C'est vrai ça, à quoi servirait un smartphone dernier cri dans la vie quotidienne d'un agriculteur de petite exploitation ? De loin, les nouvelles technologies sont parfois perçues comme le vivier de sorties hardware uniquement attendues des fétichistes de la nouveauté et aficionados du consumérisme ; un produit chassant l'autre, sur un modèle de turn-over incessant.

Pour tordre le cou à cette contre-productive opposition entre rats des villes et rats des champs, le think tank Terra Nova et Google France présentaient, mercredi 11 janvier au Numa à Paris, un rapport sur le rôle du numérique dans les territoires isolés — ces communes dans lesquelles moins de 25 % des actifs travaillent dans une aire urbaine.
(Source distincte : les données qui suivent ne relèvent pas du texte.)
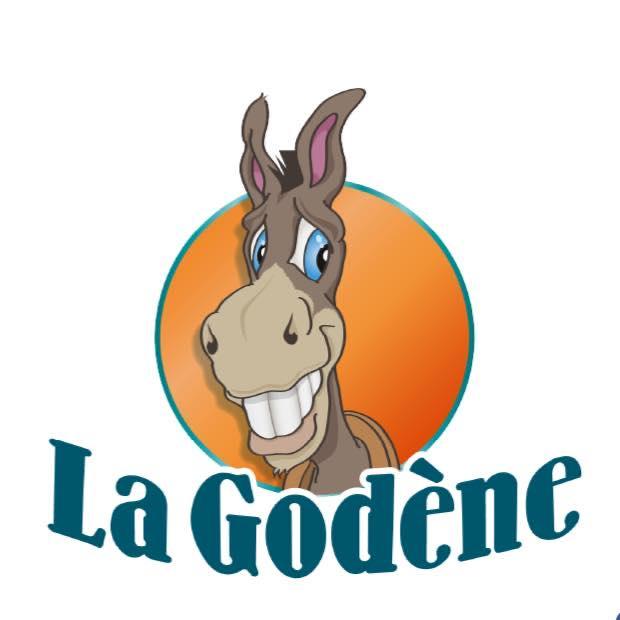 Logo de Ferme Brasserie La Godène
L'étude formule quelques propositions en faveur de la transition numérique au bénéfice d'une nouvelle approche : plutôt que d’appréhender le numérique sous l’angle de l’écosystème lui étant le plus favorable (autrement dit les villes), il y a un défi d’utilité publique à inverser la question en se demandant en quoi le numérique peut être favorable à des territoires isolés.

Des déserts numériques ?

Numériquement peu vascularisées, 3 576 communes françaises (c’est 10 % de leur total) connaissent aujourd’hui "un sentiment de décrochage", comme on peut le lire dans le rapport de Terra Nova et Google France. D’un côté, l’économie s’est métropolisée dans un mouvement de concentration des richesses en ville, de l’autre la fragilité des finances publiques a amaigri les budgets des territoires. C’est sans compter les sites industriels excentrés qui perdent en compétitivité face à la concurrence internationale. 

3 576 communes françaises connaissent aujourd’hui "un sentiment de décrochage"
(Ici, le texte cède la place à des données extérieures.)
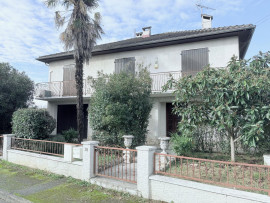 Villa bourgeoise 6 pièces + garage : 195 M2 Albi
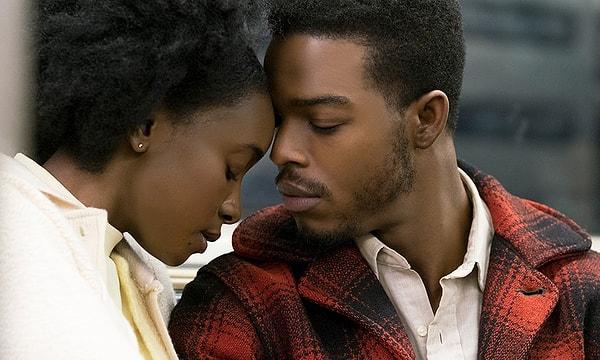 7. If Beale Street Could Talk (2018)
Bien sûr, il serait faux de penser que smartphones, ordinateurs et connexion Internet sont totalement absents des territoires isolés. Mais un vrai manque à gagner demeure. En effet, certains territoires ont retrouvé un certain dynamisme démographique lié au solde migratoire, pas uniquement initié par l’arrivée de retraités mais aussi par celle d’actifs venus chercher un nouveau cadre de vie. Or, avec un débit inférieur à 2,5 Mbits/s, les 3/4 des communes isolées ne peuvent être envisagées par des candidats au télétravail. Par ailleurs, assouplir le cadre réglementaire du travail à distance, qui pour l'heure exige par exemple que le domicile du salarié soit forcément doté d'une sortie de secours, pourrait également inciter les entreprises à proposer cette option à leurs équipes.

Ce n’est là qu’un exemple parmi d’autres de l’urgence qu'il y a à enclencher une transition numérique dans ces communes.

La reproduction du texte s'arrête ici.